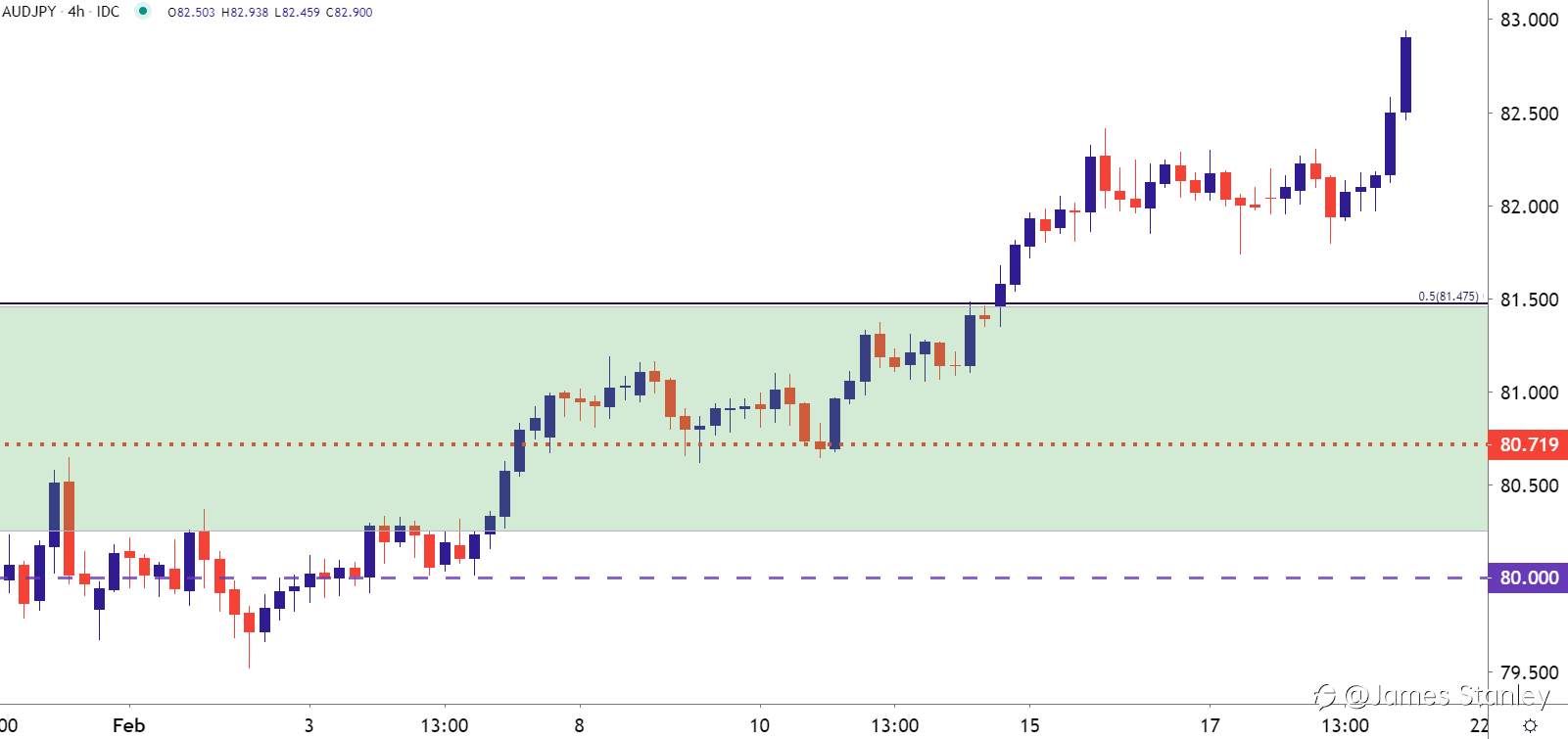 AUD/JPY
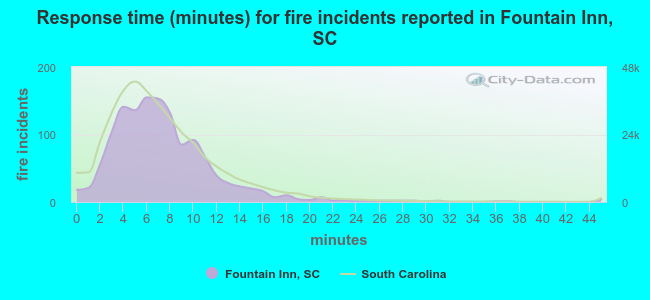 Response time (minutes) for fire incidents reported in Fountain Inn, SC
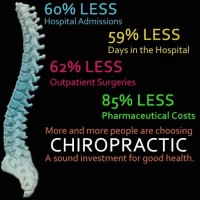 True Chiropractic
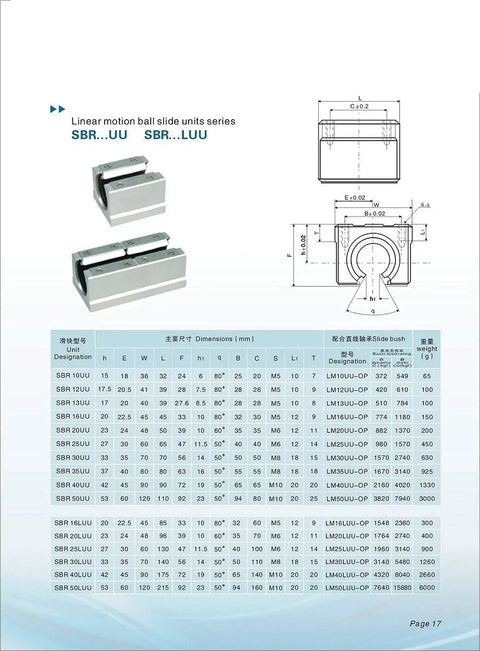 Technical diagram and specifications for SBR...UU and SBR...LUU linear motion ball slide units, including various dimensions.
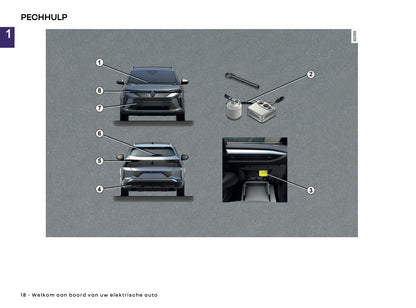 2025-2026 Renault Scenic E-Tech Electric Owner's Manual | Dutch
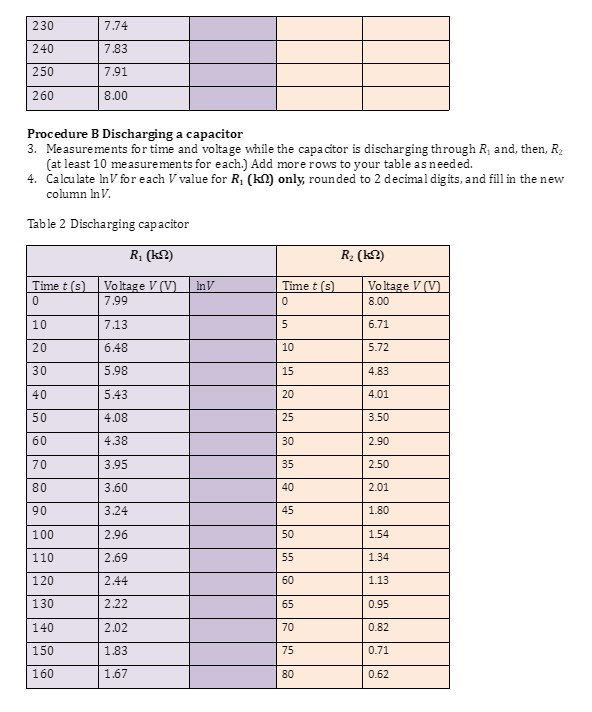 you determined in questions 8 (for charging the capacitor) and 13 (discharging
--
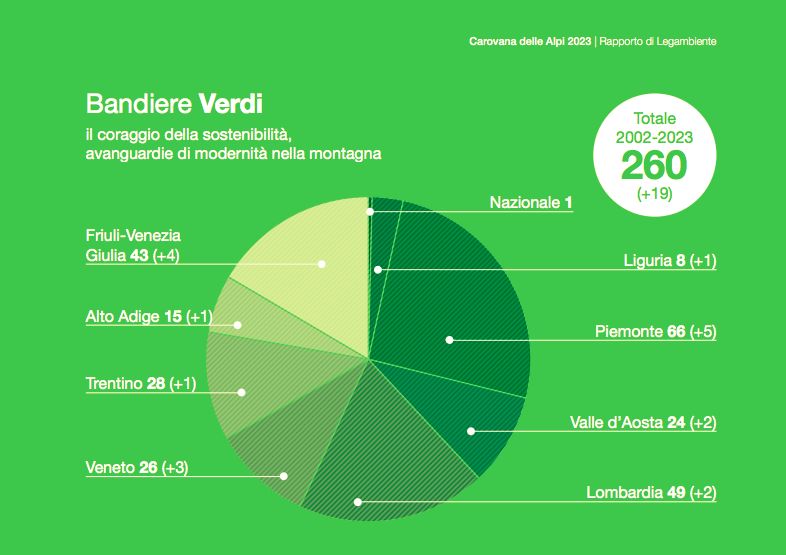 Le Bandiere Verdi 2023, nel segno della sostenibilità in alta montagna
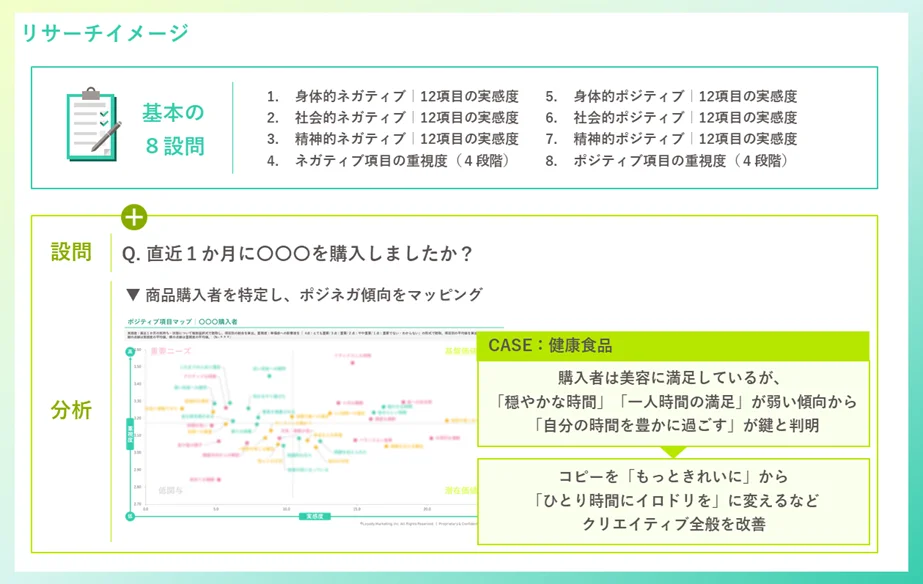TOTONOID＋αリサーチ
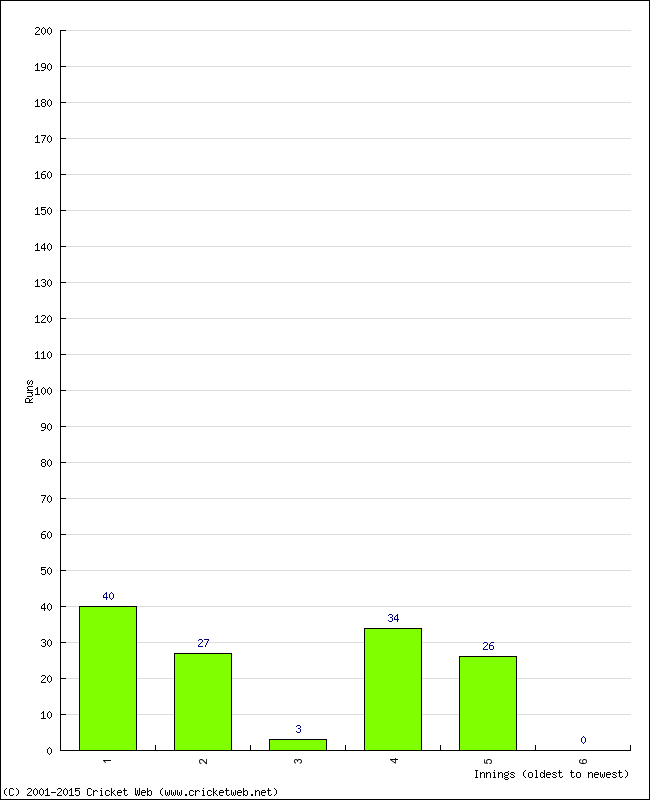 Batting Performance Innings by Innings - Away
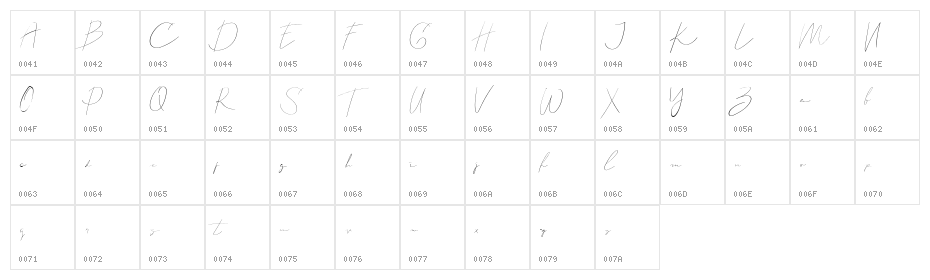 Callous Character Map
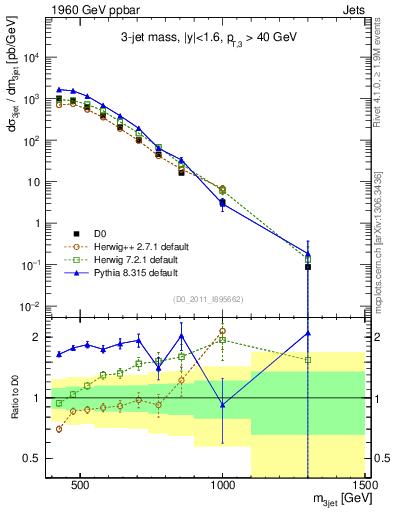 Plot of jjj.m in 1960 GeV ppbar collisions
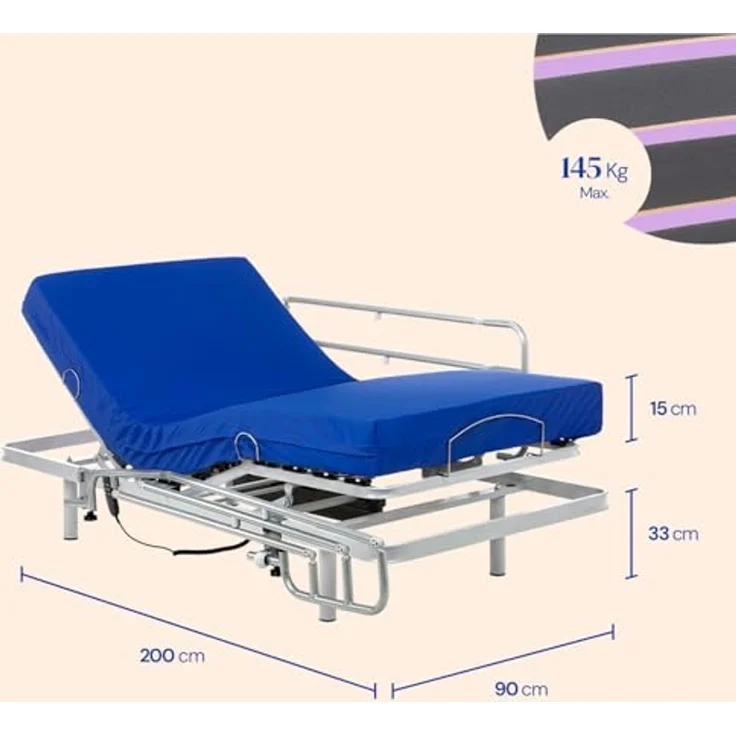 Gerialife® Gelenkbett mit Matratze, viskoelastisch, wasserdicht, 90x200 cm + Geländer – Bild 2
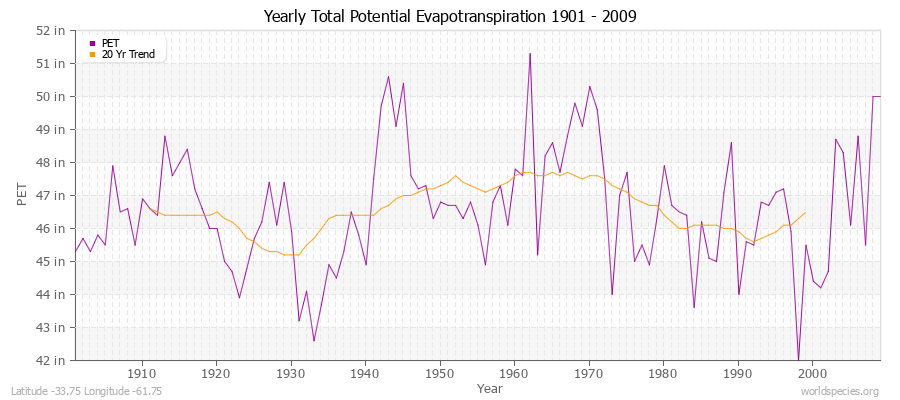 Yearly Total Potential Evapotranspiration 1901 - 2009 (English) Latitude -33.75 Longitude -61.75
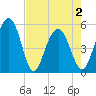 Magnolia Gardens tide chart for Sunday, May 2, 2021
--
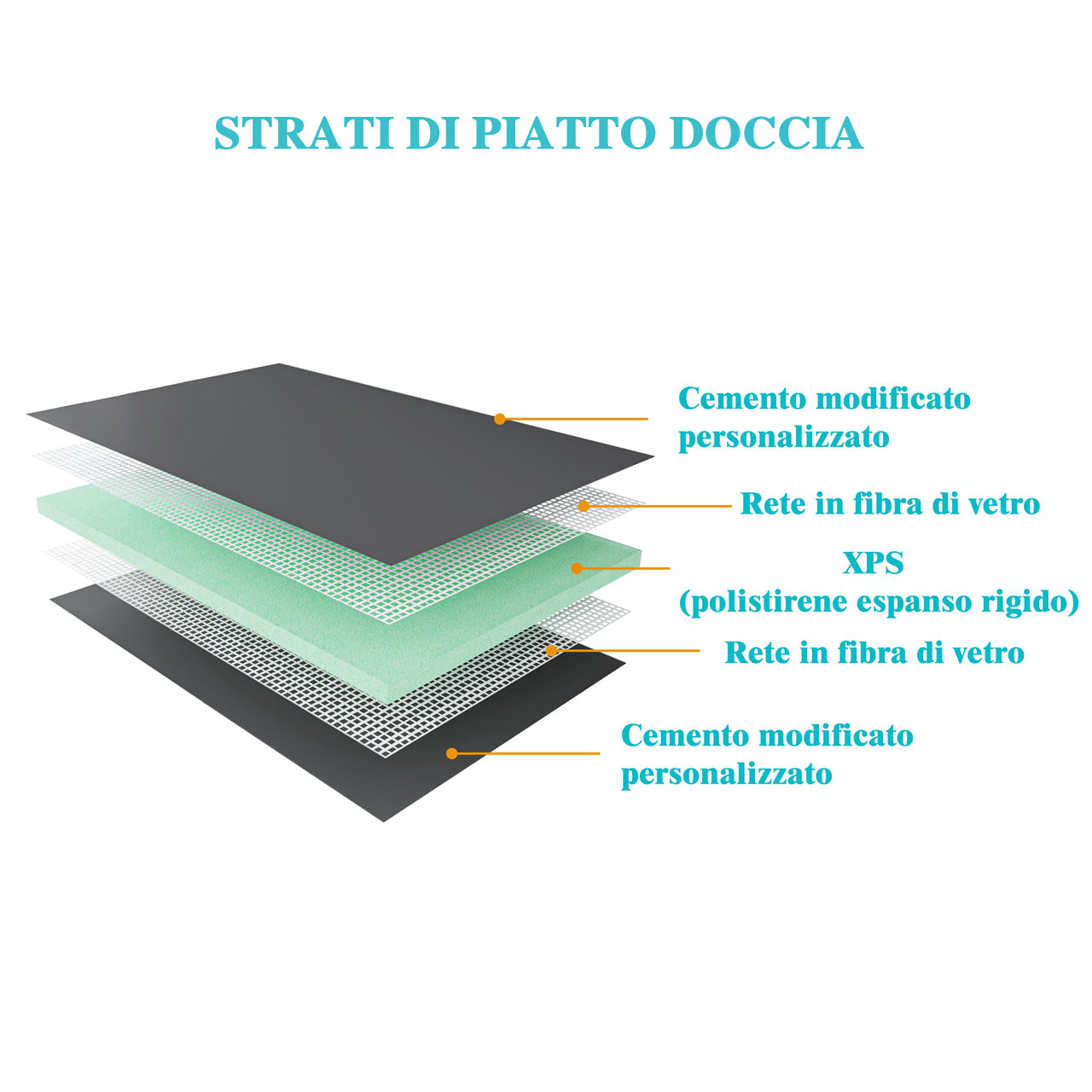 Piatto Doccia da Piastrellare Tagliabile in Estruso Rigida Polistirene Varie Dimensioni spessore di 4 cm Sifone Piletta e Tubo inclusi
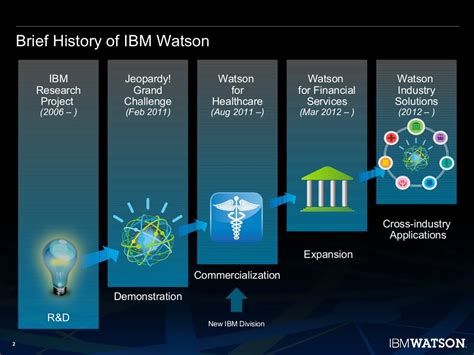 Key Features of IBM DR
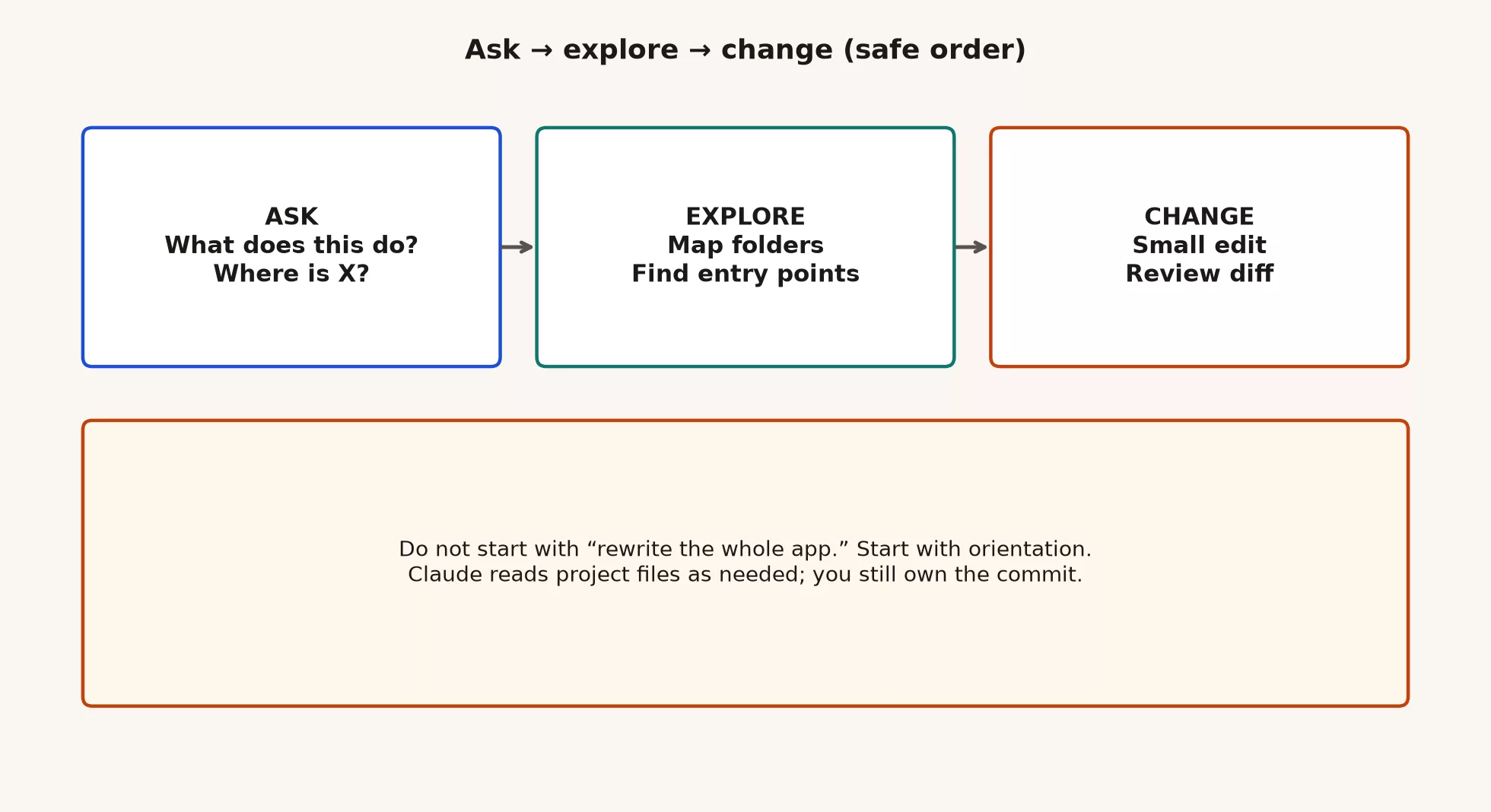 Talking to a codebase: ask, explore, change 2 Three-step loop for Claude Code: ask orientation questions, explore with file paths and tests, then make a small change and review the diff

To do
Exactly the lines above, from the one containing "True Chiropractic" down to the one containing "you determined in", are to be repeated, including both ends. Pictures are not part of the copy.

Your response
 True Chiropractic
 Technical diagram and specifications for SBR...UU and SBR...LUU linear motion ball slide units, including various dimensions.
 2025-2026 Renault Scenic E-Tech Electric Owner's Manual | Dutch
 you determined in questions 8 (for charging the capacitor) and 13 (discharging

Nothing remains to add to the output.